Peter Guttorp is a statistician, born in Sweden, with most of his career in the United States. He is a professor emeritus at the University of Washington and professor at the Norwegian Computing Center. Most of his work is in stochastic modeling of scientific data in hematology, geosciences, and climatology, with particular focus on spatial and spatio-temporal approaches. He has also worked in the history of statistics.

Guttorp received a journalist exam from the Stockholm School of Journalism in 1969, and a PhD in Statistics from the University of California at Berkeley in 1980. He was awarded an honorary doctorate from Lund University in 2009.

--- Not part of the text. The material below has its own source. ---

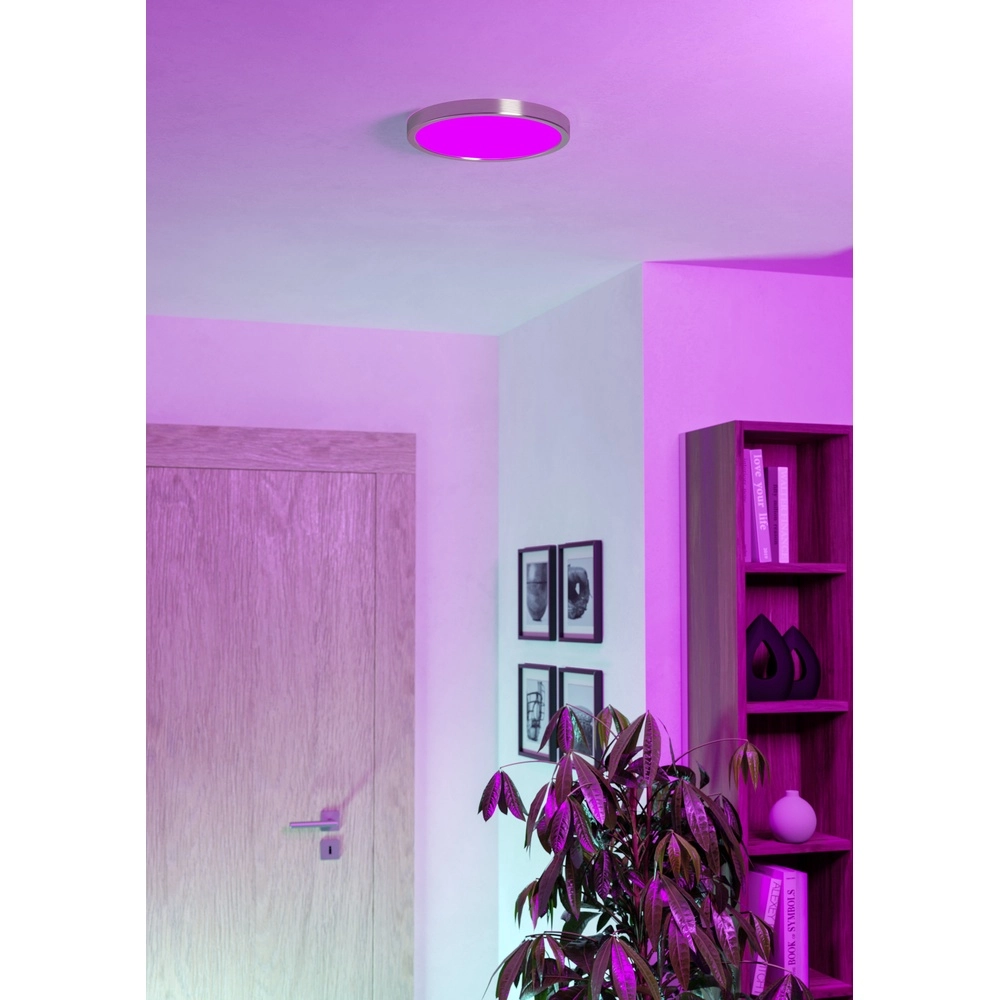 Plafonnière IP44 Fueva 6-Z rond - rvs - Ø 27,8cm Eglo 9008606330614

Guttorp is a fellow of the American Statistical Association, and the Institute of Mathematical Statistics. He is an elected member of the International Statistical Institute and served on its executive committee as vice president from 2017 to 2021. He was president of the International Environmetric Society from 2002 to 2004.

==Bibliography==
- P. Guttorp and T. Löfström (1978): President de Huslund (in Swedish). Lund: Cavefors.
- P. Guttorp (1991): Statistical inference for branching processes. New York: Wiley.
- A. T. Walden and P. Guttorp, eds. (1992): Statistics in the Environmental and Earth Sciences. London: Edward Arnold
- P. Guttorp (1995): Stochastic modeling of scientific data. London: Chapman & Hall.
- A. Gelfand, P. Diggle, M. Fuentes and P. Guttorp (2010): Handbook in Spatial Statistics. Boca Raton: Chapman & Hall.
- P. Guttorp and D. R. Brillinger (2011): Selected works of David Brillinger. New York: Springer.